For example, an address which is constant is offsettable; so is an
address that is the sum of a register and a constant (as long as a
slightly larger constant is also within the range of
address-offsets supported by the machine); but an autoincrement or
autodecrement address is not offsettable. More complicated
indirect/indexed addresses may or may not be offsettable depending
on the other addressing modes that the machine supports.
Note that in an output operand which can be matched by another
operand, the constraint letter `o' is valid only when accompanied
by both `<' (if the target machine has predecrement addressing)
and `>' (if the target machine has preincrement addressing).
`V'
A memory operand that is not offsettable. In other words,
anything that would fit the `m' constraint but not the `o'
constraint.
`<'
A memory operand with autodecrement addressing (either
predecrement or postdecrement) is allowed.
`>'
A memory operand with autoincrement addressing (either
preincrement or postincrement) is allowed.
`r'
A register operand is allowed provided that it is in a general
register.
`d', `a', `f', ...
Other letters can be defined in machine-dependent fashion to stand
for particular classes of registers. `d', `a' and `f' are defined
on the 68000/68020 to stand for data, address and floating point
registers.
`i'
An immediate integer operand (one with constant value) is allowed.
This includes symbolic constants whose values will be known only at
assembly time.
`n'
An immediate integer operand with a known numeric value is allowed.
Many systems cannot support assembly-time constants for operands
less than a word wide. Constraints for these operands should use
`n' rather than `i'.
`I', `J', `K', ... `P'
Other letters in the range `I' through `P' may be defined in a
machine-dependent fashion to permit immediate integer operands with
explicit integer values in specified ranges. For example, on the
68000, `I' is defined to stand for the range of values 1 to 8.
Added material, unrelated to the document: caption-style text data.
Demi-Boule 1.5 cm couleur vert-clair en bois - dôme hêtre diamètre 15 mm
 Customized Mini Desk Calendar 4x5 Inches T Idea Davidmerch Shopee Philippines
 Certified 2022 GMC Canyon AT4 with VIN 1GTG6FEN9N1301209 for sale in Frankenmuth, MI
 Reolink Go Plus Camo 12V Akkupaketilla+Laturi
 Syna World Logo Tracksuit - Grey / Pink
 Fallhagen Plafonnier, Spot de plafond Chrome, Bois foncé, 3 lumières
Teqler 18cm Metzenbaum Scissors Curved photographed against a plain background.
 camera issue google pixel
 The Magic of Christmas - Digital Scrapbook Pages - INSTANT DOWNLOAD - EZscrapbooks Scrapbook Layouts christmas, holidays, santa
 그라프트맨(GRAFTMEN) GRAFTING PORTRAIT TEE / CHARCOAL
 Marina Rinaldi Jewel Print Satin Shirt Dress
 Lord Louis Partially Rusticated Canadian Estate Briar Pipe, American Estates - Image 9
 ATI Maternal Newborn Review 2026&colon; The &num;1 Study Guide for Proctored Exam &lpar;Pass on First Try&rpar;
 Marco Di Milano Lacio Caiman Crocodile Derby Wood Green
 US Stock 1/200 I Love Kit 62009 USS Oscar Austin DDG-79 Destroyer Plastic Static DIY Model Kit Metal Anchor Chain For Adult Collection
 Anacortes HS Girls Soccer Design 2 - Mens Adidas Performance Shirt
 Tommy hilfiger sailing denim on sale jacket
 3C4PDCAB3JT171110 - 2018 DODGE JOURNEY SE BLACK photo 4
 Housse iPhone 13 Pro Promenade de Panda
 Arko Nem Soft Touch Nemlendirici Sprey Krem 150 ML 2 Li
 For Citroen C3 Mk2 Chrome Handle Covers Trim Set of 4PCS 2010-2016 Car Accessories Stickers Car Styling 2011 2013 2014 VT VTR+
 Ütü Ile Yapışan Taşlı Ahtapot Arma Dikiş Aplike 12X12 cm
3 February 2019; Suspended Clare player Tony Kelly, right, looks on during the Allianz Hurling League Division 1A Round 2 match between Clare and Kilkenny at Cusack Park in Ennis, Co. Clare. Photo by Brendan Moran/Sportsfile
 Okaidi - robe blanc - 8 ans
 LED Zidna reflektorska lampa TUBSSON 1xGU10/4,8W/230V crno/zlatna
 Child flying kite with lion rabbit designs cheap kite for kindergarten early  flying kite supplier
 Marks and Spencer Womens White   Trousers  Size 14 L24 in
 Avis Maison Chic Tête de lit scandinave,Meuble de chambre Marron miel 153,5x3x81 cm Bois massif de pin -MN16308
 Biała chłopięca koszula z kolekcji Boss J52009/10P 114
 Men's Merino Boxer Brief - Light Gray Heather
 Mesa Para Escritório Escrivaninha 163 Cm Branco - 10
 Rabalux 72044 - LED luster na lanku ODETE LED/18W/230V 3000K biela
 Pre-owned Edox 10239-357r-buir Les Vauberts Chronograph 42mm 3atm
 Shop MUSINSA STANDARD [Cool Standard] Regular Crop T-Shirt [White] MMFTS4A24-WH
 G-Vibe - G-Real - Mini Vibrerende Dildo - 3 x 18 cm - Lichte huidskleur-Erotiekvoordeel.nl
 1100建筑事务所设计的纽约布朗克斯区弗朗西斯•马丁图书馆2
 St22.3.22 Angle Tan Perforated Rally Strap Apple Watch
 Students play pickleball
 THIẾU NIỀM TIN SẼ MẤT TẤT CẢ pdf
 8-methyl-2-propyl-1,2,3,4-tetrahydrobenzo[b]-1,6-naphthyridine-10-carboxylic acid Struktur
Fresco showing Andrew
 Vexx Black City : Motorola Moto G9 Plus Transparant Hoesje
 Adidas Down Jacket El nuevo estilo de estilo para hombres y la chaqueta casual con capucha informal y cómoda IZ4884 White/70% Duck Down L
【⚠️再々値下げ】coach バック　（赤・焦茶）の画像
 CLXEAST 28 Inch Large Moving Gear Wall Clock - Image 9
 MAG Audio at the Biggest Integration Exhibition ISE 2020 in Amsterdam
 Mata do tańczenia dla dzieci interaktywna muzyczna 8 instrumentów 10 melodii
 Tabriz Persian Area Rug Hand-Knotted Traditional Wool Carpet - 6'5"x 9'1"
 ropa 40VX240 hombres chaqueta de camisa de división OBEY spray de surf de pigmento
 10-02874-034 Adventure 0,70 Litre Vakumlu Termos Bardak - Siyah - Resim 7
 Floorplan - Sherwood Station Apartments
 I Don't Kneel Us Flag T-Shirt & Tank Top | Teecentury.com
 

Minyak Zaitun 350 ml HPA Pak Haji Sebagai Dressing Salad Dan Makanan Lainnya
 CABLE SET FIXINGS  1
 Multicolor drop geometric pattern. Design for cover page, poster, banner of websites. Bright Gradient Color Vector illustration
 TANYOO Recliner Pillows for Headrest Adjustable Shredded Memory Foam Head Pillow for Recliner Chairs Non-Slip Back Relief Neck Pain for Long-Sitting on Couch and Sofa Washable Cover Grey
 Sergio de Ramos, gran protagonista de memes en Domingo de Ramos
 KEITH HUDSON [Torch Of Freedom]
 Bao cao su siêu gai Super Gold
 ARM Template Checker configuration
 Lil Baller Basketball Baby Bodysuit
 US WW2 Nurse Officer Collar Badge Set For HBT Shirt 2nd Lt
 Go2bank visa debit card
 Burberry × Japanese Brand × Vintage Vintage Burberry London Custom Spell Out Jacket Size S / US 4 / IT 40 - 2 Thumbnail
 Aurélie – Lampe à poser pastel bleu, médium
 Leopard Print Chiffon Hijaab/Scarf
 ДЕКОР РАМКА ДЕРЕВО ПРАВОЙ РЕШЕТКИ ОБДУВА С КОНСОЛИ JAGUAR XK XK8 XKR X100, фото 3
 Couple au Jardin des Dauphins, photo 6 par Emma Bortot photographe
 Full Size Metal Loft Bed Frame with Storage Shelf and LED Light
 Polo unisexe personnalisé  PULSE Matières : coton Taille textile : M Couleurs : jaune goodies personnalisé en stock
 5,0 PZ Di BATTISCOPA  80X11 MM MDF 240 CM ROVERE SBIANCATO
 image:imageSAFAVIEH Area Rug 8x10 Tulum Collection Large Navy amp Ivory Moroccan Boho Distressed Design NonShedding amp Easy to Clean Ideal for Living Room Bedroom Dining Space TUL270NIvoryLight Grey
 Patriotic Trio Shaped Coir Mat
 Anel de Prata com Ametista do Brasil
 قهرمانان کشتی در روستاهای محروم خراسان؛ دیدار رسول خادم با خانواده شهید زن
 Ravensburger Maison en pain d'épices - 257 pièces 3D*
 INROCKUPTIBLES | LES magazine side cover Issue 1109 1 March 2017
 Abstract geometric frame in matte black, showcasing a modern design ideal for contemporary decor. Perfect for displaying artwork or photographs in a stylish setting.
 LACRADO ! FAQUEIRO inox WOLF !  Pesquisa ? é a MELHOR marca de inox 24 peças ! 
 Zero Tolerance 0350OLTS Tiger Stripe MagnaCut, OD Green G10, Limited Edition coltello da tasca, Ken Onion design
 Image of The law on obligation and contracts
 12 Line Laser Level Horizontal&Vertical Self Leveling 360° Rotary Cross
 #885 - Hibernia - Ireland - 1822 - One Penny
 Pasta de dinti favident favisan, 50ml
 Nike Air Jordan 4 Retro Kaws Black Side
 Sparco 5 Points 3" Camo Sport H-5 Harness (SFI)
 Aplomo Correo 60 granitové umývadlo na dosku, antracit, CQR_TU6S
This is the range permitted as a shift count in the shift
instructions.
`E'
An immediate floating operand (expression code `const_double') is
allowed, but only if the target floating point format is the same
as that of the host machine (on which the compiler is running).
`F'
An immediate floating operand (expression code `const_double') is
allowed.
`G', `H'
`G' and `H' may be defined in a machine-dependent fashion to
permit immediate floating operands in particular ranges of values.
`s'
An immediate integer operand whose value is not an explicit
integer is allowed.
This might appear strange; if an insn allows a constant operand
with a value not known at compile time, it certainly must allow
any known value. So why use `s' instead of `i'? Sometimes it
allows better code to be generated.
For example, on the 68000 in a fullword instruction it is possible
to use an immediate operand; but if the immediate value is between
-128 and 127, better code results from loading the value into a
register and using the register. This is because the load into
the register can be done with a `moveq' instruction. We arrange
for this to happen by defining the letter `K' to mean "any integer
outside the range -128 to 127", and then specifying `Ks' in the
operand constraints.
`g'
Any register, memory or immediate integer operand is allowed,
except for registers that are not general registers.
`X'
Any operand whatsoever is allowed, even if it does not satisfy
`general_operand'. This is normally used in the constraint of a
`match_scratch' when certain alternatives will not actually
require a scratch register.
`0', `1', `2', ... `9'
An operand that matches the specified operand number is allowed.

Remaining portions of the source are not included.